Une seconde étude portant sur la luminosité des étoiles a permis de considérablement affiner le diagramme Hertzsprung-Russell, qui met en regard la luminosité des étoiles en fonction de leur couleur ou leur température. Grâce au volume de données et à la précision de Gaia, "on s'attendait à ce que le diagramme HR soit beaucoup plus beau, beaucoup plus fin, mais on ne s'attendait pas à une si grosse différence" explique Carine Babusiaux de l'observatoire de Grenoble. Cette étude met notamment en avant deux populations de naines blanches distinctes. Le nouveau diagramme HR, qui rassemble 4 millions d'étoiles situées jusqu'à 5000 années-lumière, promet de belles avancées dans le domaine de l'archéologie galactique.
Une troisième étude montre, pour sa part, l'intérêt de Gaia pour l'étude du système solaire. La sonde de l'ESA a pu mesurer la position de 14 000 astéroïdes dans tout le système solaire avec une précision près de 1000 fois supérieures aux mesures précédentes. Ce catalogue facilitera l’étude des collisions à l’origine des astéroïdes de la ceinture principale, ainsi que la prévision des occultations d'étoiles par des astéroïdes. C'est aujourd'hui le seul moyen de connaître leur forme et leur taille quand ils orbitent au-delà de Neptune.

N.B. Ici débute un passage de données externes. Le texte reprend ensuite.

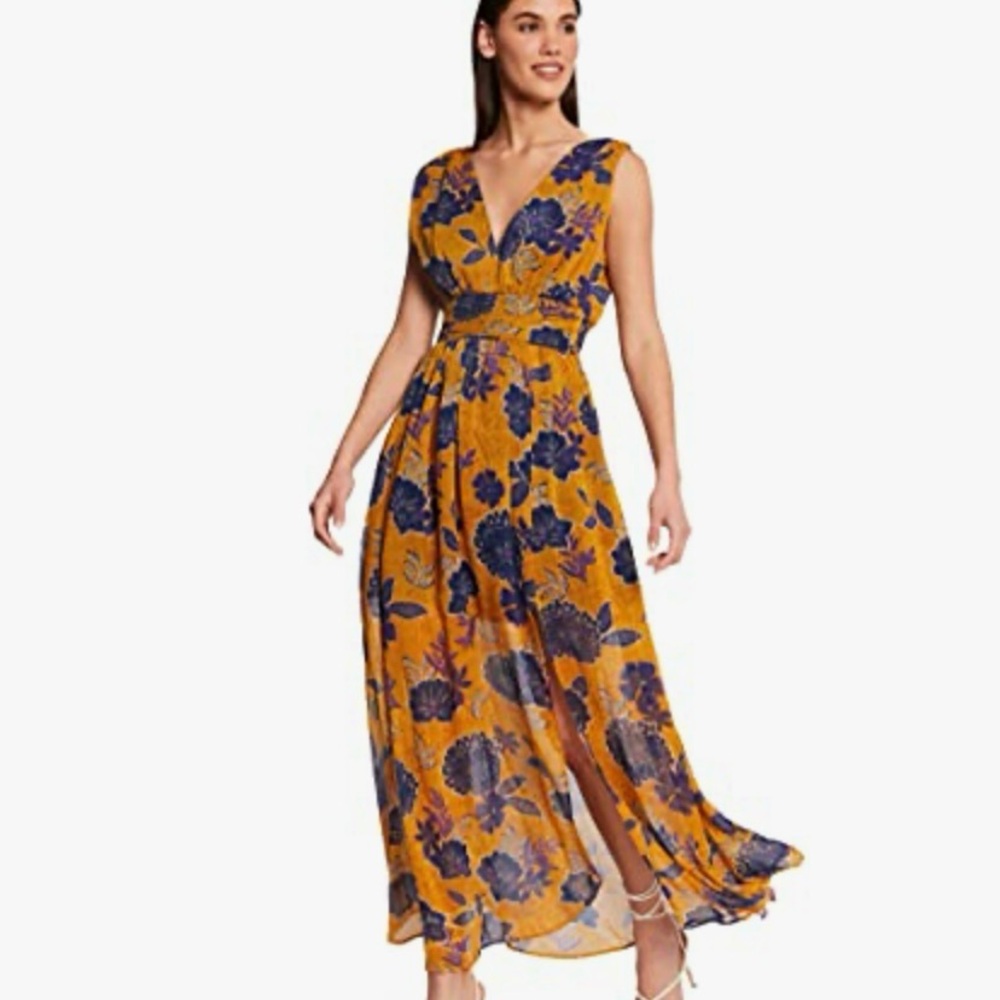 Morgan de Toi Yellow Gold Sleeveless Wrap Maxi Dress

Fin de la mission en 2023 ?
Le deuxième catalogue de données présenté aujourd’hui n’est pas le dernier. Un troisième est prévu en 2020, avant la publication du catalogue final en 2022. Gaia poursuit sa mission jusqu’en 2020, mais pourrait être active jusqu’en 2022 ou 2023. L’incroyable précision de ses observations occupera les astronomes pendant une longue période et peut-être que leurs découvertes nous ferons revoir nos manuel d’astronomie.